Thursday, September 24, 2009

A beginner's guide to kanji

Of the three different writing systems used in Japanese, the most complex is the use of the Chinese characters known as kanji. Rather than a phonetic script, kanji characters represent concepts that are strung together to produce the larger meaning.

In many cases, the origin of the form of the kanji character can be seen from its meaning. For instance "木" is the kanji for tree and the shape is reminiscent of that object. Likewise, river (川), mountain (山), fire (火) and sun (日) all have obvious origins (Astronomers in particular will relate to the kanji for sun, since it is similar to the solar symbol ⊙ ... especially if you were making it on an old digital panel~).

Placing kanji characters along side each other can then lead to more complex meanings. An appropriate example for this week would be 火山, fire mountain or volcano.
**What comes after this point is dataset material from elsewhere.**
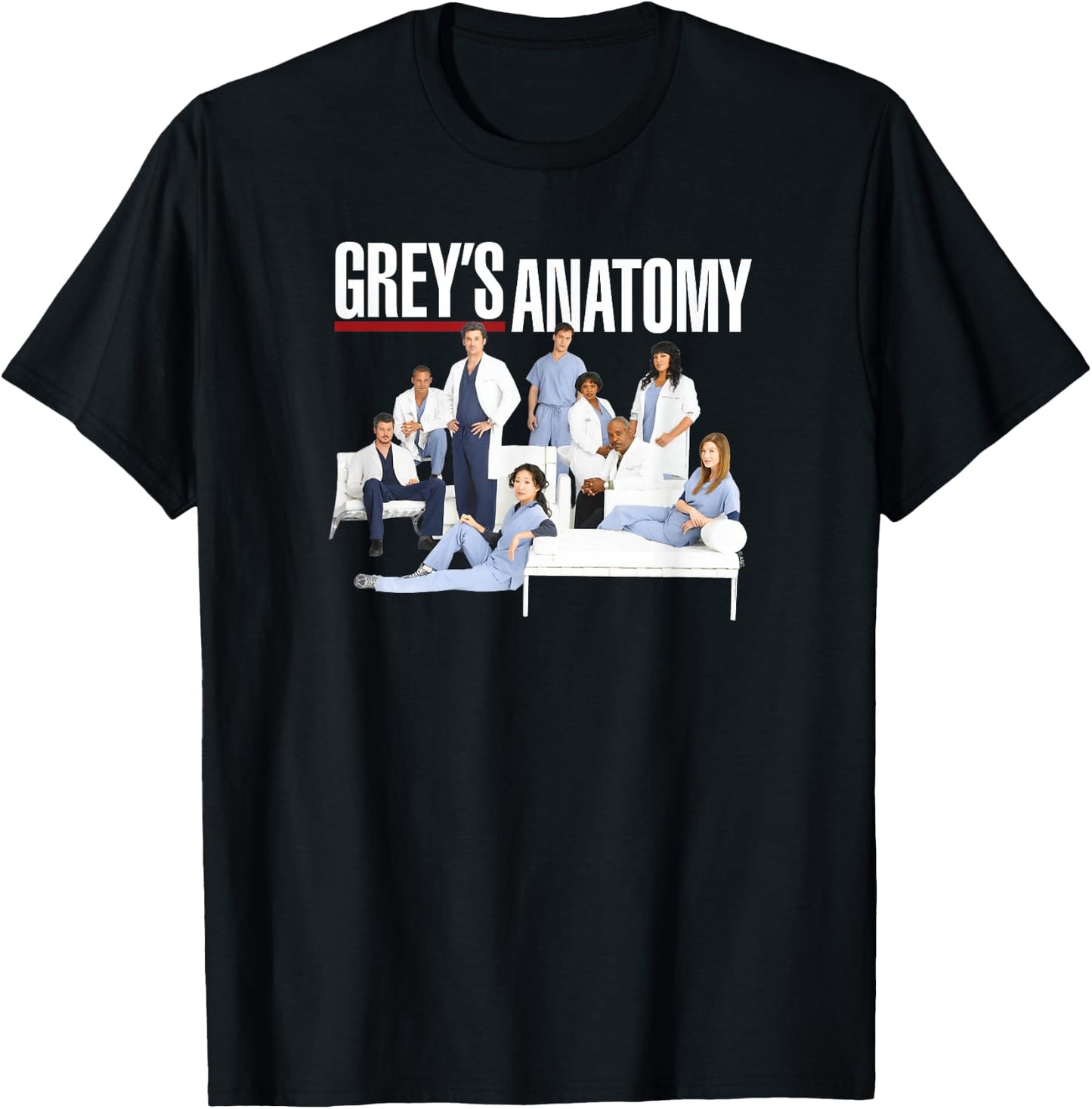 Grey's Anatomy Group with Logo T-Shirt - T-Shirt | Black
Similarly, more complex kanji can be formed by combining characters (either in their full or an abbreviated form) into a single one. For instance, the combination of two of the characters for tree, 林, means "forest".

See? Simple, logical easy! Let's try some others...

If we take the kanji for "car" (車) and combine it with that for "fun" (楽), we get 轢 ... meaning "run over"!

Alternatively, add "grass" (草) to the top of "fun"(楽) and you get 薬; meaning "drugs"!

Never let it be said the Japanese do not have a sense of humour.